Good day! I ask for your help – in investigating the twin prime conjecture, I am investigating a simple sawtooth function for the integer factorization of any natural number n = x ^ 2 + k in the range [x^2, (x+1)^2), where k = [0; 2x] (obvious). This function is:
- take the nearest square of the number n as base: x^2,
- add the number k to it, now for every number n = x^2 + k
- fix the same left xleft and right xright part of the equation n = xleft * xright + k
- further, if:
- k < 0 – subtract the number 1 from xleft – this causes k to increase by decreasing xleft * xright
- k > 0 – add ceil(k/xleft) to xright – this causes k to decrease by increasing xleft * xright
- k = 0, we have found a unique way to factorize the number n = xleft * xright, save the result and continue the factorization or stop if xleft is 1 (stopping calculation without result is founded prime number, like in any sieve)
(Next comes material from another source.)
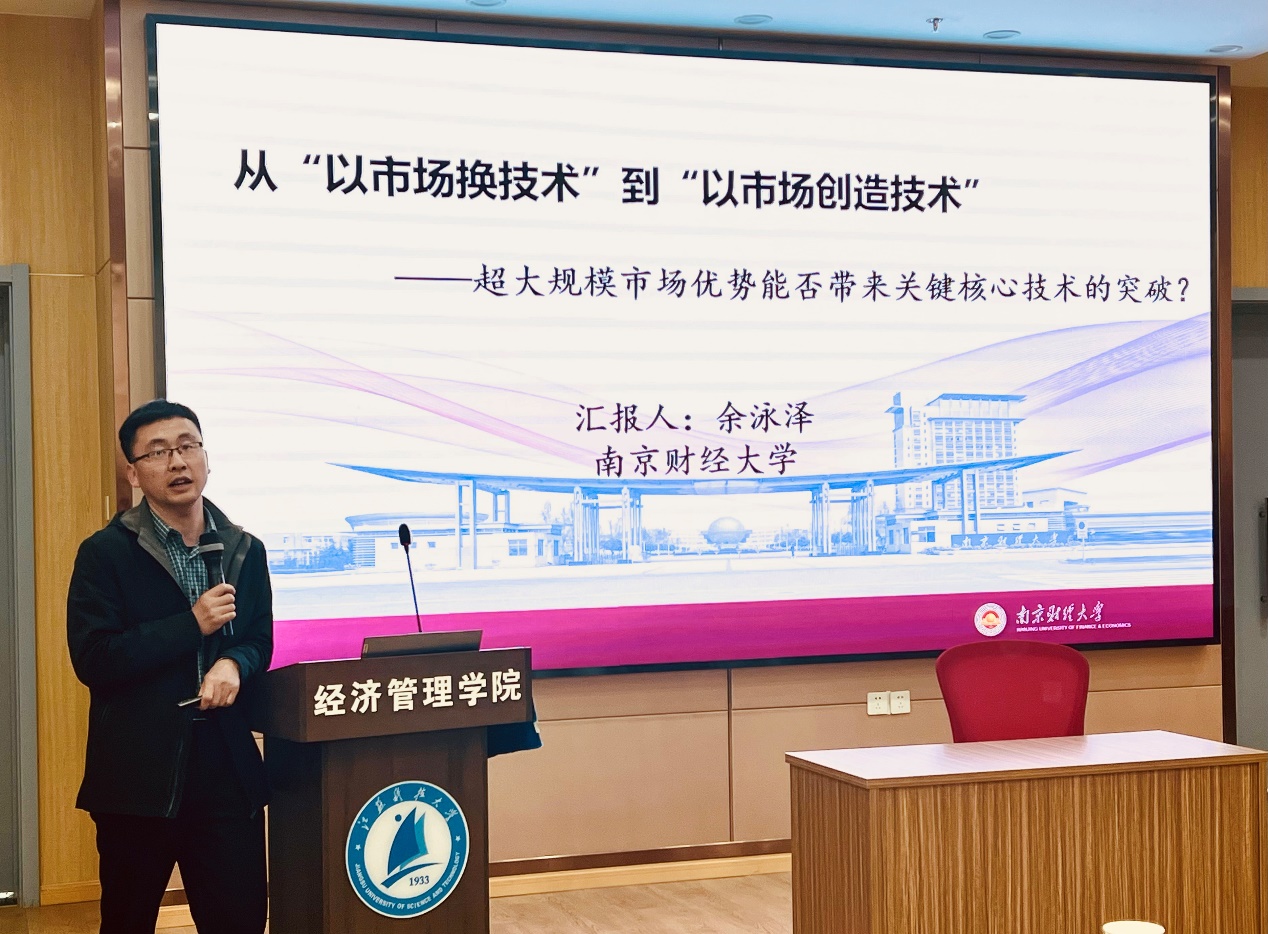 1711956954438445.jpg 3.jpg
Example of function decomposition:
Base=[ 25 , 36 )
25 0
26 7
27 5
28 3, 7
29 8
30 1, 5, 7
31 8
32 3, 7
33 5
34 7
35 1
IMHO, it is not difficult to prove the hypothesis that in this way we will find all prime numbers and all variants of double factorization of composite numbers in a given range. However, if you look at the final results of this function on different blocks [x^2, (x+1)^2), you can immediately see a repeating pattern of odd number distribution, which immediately seems to be cyclical in this range within each block (two cycles of consecutive odd numbers with an incremental step of 2).
Hypothesis about the universal pattern (sieve) of factorization and determination of prime numbers: If you take a block of numbers between adjacent squares, you can decompose the composite numbers and determine the prime numbers, knowing only the size of this block and nothing else.
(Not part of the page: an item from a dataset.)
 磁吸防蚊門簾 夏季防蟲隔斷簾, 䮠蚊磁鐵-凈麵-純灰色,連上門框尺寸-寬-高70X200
If my hypothesis about the existence of a cyclic pattern for factoring numbers in a block is correct, then this leads to interesting results:
- prime and composite numbers actually are defined in the space between the squares of numbers, rather than in the range from 1 to n
- Sieve of Eratosthenes and other global sieves are not the only way to find prime numbers and factorize them
- prime twin conjecture is provable through the study of this new sieve – if an infinite number of block size options can be fed to the sieve, at which prime twins occur, then the number prime twins depends on the number of squares of natural numbers and the new sieve algorithm.
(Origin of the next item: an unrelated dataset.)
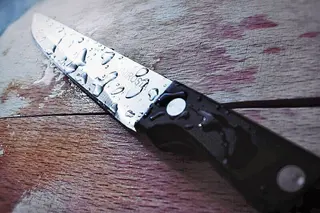 Cuchillo. Archivo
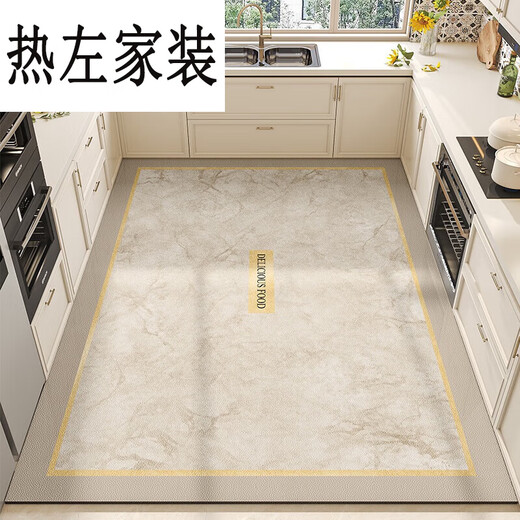 厨房地面专用地垫大面积防水防油可裁剪全铺pvc防滑耐脏可擦免的 15917-清鸢 140cm*200cm 尺寸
Perhaps someone has a guess on how to at least determine the algorithm of the pattern (potentially sieve) to then try to test it empirically and then prove that it is correct. The first cycle is extremely primitive, but the second and subsequent cycles contain strange small deviations of the pattern for different blocks of squared numbers, the error accumulates and everything breaks.